• **WORK ITEM**
Set down exactly the lines in the records below that run from the line with "Large Steel and Timber Park Bench" to the line with "10pcs - Gel", inclusive, and nothing more.

• **ENTRIES PROVIDED**
- - - - - - -
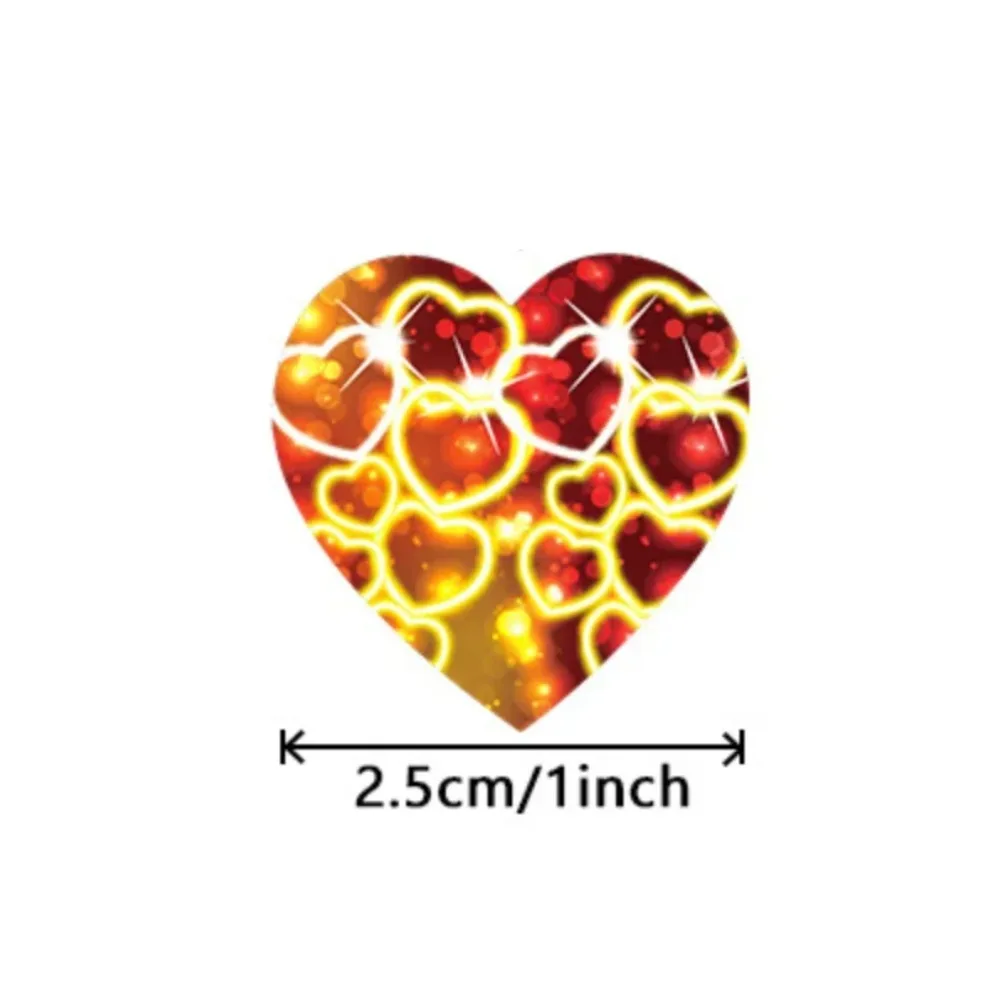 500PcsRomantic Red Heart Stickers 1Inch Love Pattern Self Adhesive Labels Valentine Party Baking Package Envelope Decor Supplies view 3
- - - - - - -
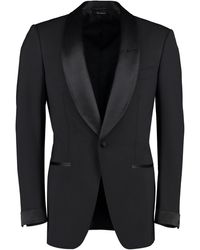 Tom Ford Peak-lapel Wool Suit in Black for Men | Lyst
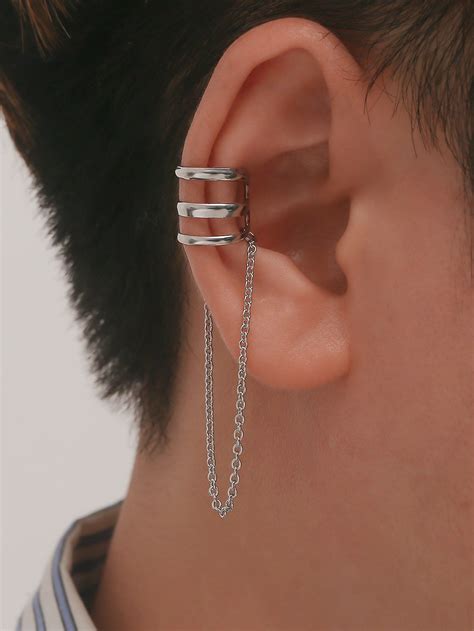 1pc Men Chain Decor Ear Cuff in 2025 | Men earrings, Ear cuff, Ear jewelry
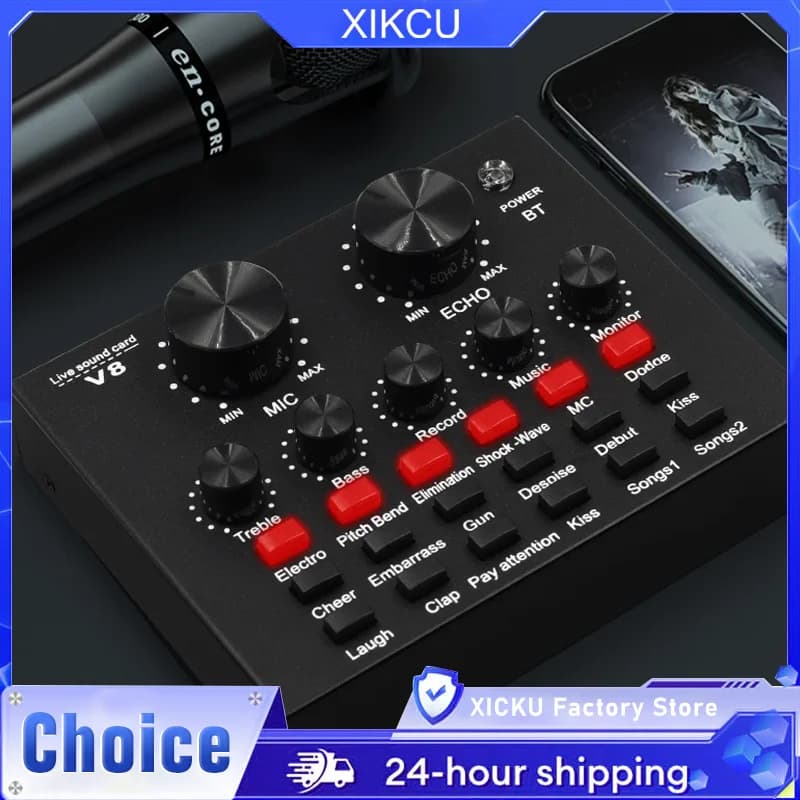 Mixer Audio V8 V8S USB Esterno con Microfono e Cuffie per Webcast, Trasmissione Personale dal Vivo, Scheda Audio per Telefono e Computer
- - - - - - -
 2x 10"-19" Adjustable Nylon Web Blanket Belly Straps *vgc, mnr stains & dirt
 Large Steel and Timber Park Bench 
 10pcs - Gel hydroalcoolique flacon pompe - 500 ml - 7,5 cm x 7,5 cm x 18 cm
- - - - - - -
• **EXERCISE RESPONSE**
 Large Steel and Timber Park Bench 
 10pcs - Gel hydroalcoolique flacon pompe - 500 ml - 7,5 cm x 7,5 cm x 18 cm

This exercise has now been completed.